All this comes at a time when our people are being asked to restrain personal incomes, costs and prices. The truth, surely, is that we are moving once more into what Disraeli called the two nations—the one the people and the other the Government. The Government are asking for a privilege that they are not prepared to give to other people. The fact that tonight we have the presence of four Ministers of Cabinet rank honouring the House by their attention and listening to the discussion of this order does suggest to some of us that they are in no doubt of the implication of what they are now trying to do.

10.51 p.m.

Mr. Boyd-Carpenter (Kingston-upon-Thames)

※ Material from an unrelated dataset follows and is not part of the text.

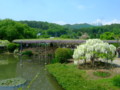 20120507122322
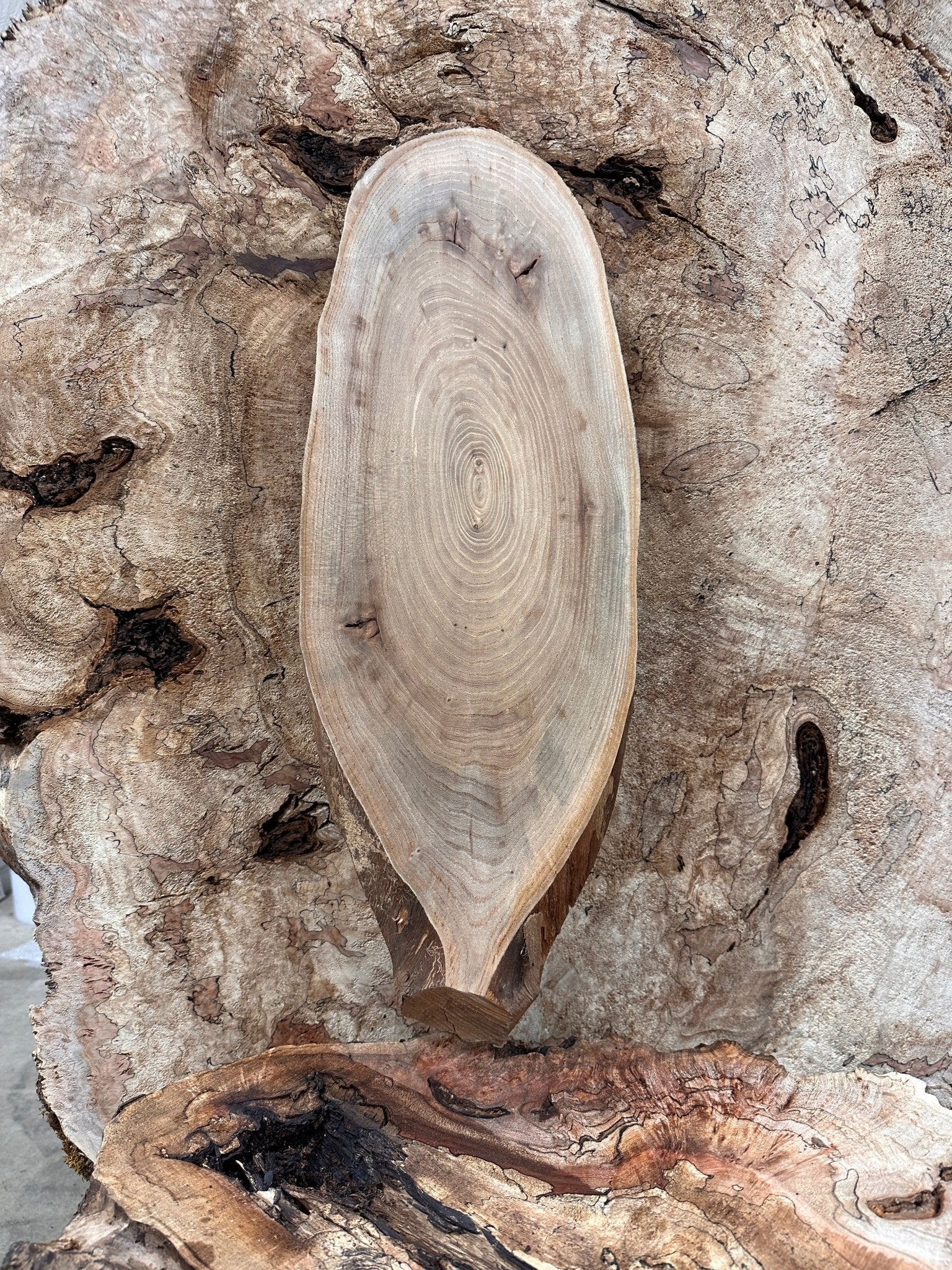 LiveEdge Elm | Elm | Hamilton Lee Supply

I do not want to say anything about the merits of this order, which have been fully and satisfactorily dealt with by my hon. Friends. I will take advantage of the presence of the Lord Advocate and put to him two points on the order with which he may find it convenient to deal. As I understand it, the view of the Parliamentary Secretary was that the authority to make such an order as this was to be found in Section 19 of the 1939 Act.

Mr. J. Edwards

In relation to Sections 1 and 18.

Mr. Boyd-Carpenter

I fully appreciate that, but the original authority to make the order to exempt a Government Department from the operation of a price control order was based ultimately on Section 19 of the 1939 Act. I have that Act before me and I find some difficulty in following the argument of the Parliamentary Secretary. The only subsection of Section 19 which could possibly be relevant, I think the Lord Advocate would agree, would be subsection (3), which says: The definition in an order for any of the purposes of this Act of a description of goods may be framed by reference to any circumstances whatsoever. I ask the House to note that the reference to the: definition in an order … of a description of goods. It does not seem to me that a description of the goods fits into the present case. No goods are described here, because in fact this order applies to all goods. The only thing described is the purchaser of the goods, a Government Department. Therefore it would seem that there is no foundation for the argument of the Parliamentary Secretary if it is based, as I understand he agrees it is, upon that subsection which relates solely to the description of goods and not to the definition of the purchaser. If that is so, it seems to me that no express authority has been given to the Government to make an order of this kind.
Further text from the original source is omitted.